Aggee Shyaka Mugabe n’a pas besoin de circonlocutions pour dire l’enjeu qui entoure la question des excuses de la France au Rwanda. En deux phrases, l’enseignant-chercheur rwandais résume les fractures de 27 ans d’histoire : le trop long silence français à propos du rôle de Paris dans le génocide des Tutsis, l’attente et les espoirs qui entourent la visite d’Emmanuel Macron à Kigali, mais aussi ce constat, clinique et tragique : rien ne pourra défaire le génocide des Tutsis, au cours duquel entre 800 000 et 1 million de personnes ont été tuées, en 1994.

Depuis la publication du rapport Duclert, plusieurs scientifiques, intellectuels et représentants associatifs français et rwandais ont dit leur souhait de voir le président français demander officiellement pardon aux Rwandaises et Rwandais pour le rôle joué par la France dans le génocide.

« À titre personnel, je pense que des excuses s’imposent »a estimé l’historien Vincent Duclert, quelques jours après avoir remis à Emmanuel Macron le rapport de la commission qu’il présidait.

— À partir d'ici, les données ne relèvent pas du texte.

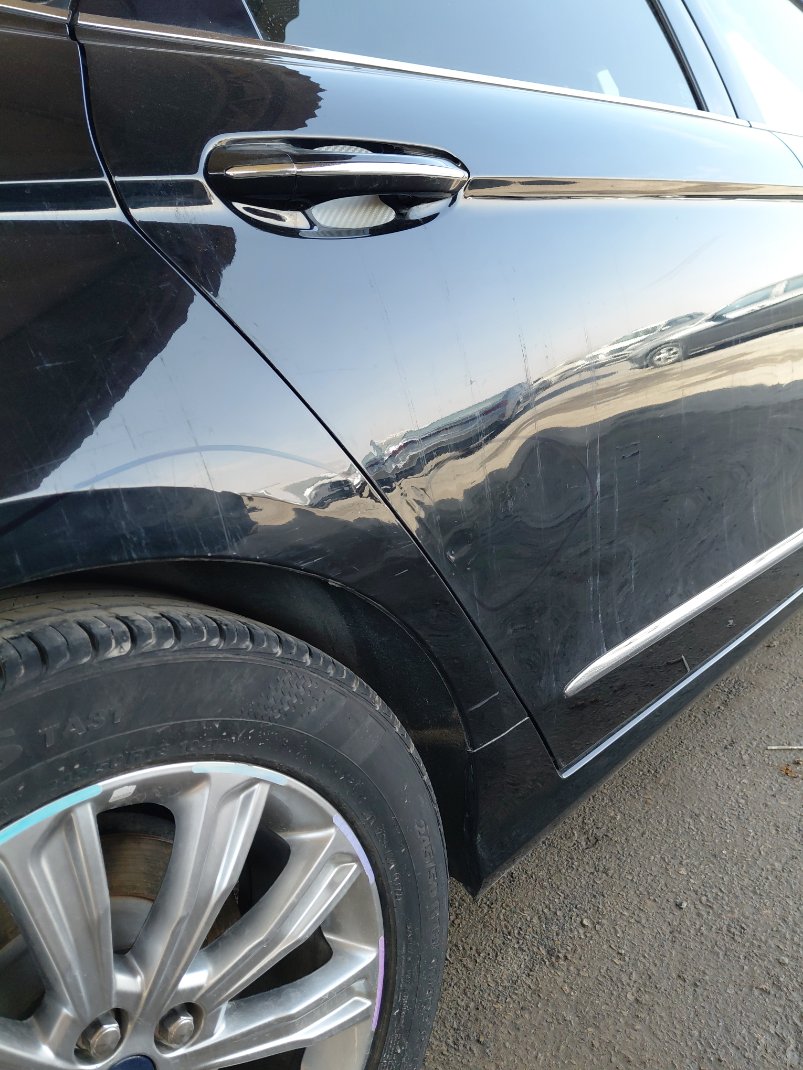 فورد توروس FLEET 2022 image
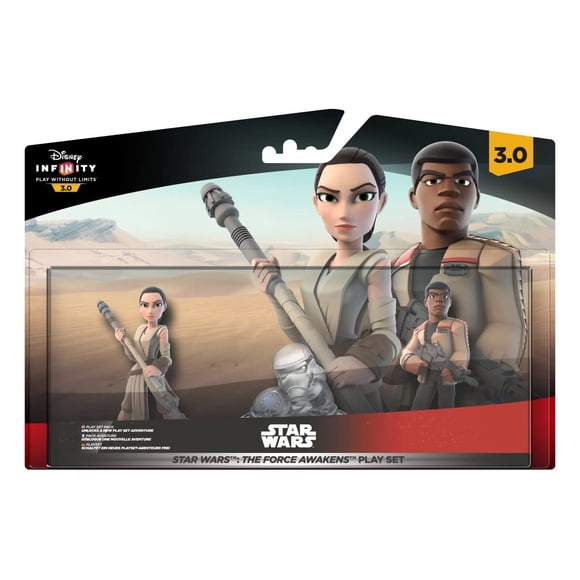 Pack de sets de juego Nintendo Infinity 3 El despertar de la Fuerza UE PS4/PS3/Xbox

Emmanuel Macron accueille le président rwandais Paul Kagame à Paris le 17 mai 2021. © Ludovic Marin/AFP

Des députés rwandais et des rescapés du génocide ont également pris la parole dans ce sens, à l’image de Jeanne Allaire Kayigirwa, demandant que « la France reconnaisse, une fois pour toutes, ses défaillances vis-à-vis de [leurs] familles décimées », que « la justice puisse passer et que les excuses se fassent ».

Le président rwandais, Paul Kagame, pour sa part, après avoir longtemps souhaité publiquement des excuses de la part de la France, préfère désormais rappeler que « des excuses ne peuvent venir à la demande ».

Enjeu diplomatique dans un contexte de rapprochement entre les deux pays, les excuses françaises semblent également souhaitées par nombre de Rwandais. « Cette attente semble partagée », assure Aggee Shyaka Mugabe, qui enseigne au Centre de gestion des conflits de l’université du Rwanda.

Selon lui, la France aurait là l’occasion de donner une image différente de celle, peu flatteuse, qu’elle a jusqu’à présent au pays des Mille Collines : « Les Rwandais considèrent l’attitude de la France – ayant consisté à s’obstiner à rejeter toute responsabilité dans le génocide – comme de l’arrogance. » Pour les rescapés, ces excuses représenteraient quelque chose de plus important encore, ajoute Aggee Shyaka Mugabe : la reconnaissance de leur statut de victimes.

L’impossible pardon

Attendues, les excuses françaises – si Emmanuel Macron choisit effectivement de les présenter – n’en seront pas moins périlleuses. D’abord parce que le président français devra faire face à un immense vide.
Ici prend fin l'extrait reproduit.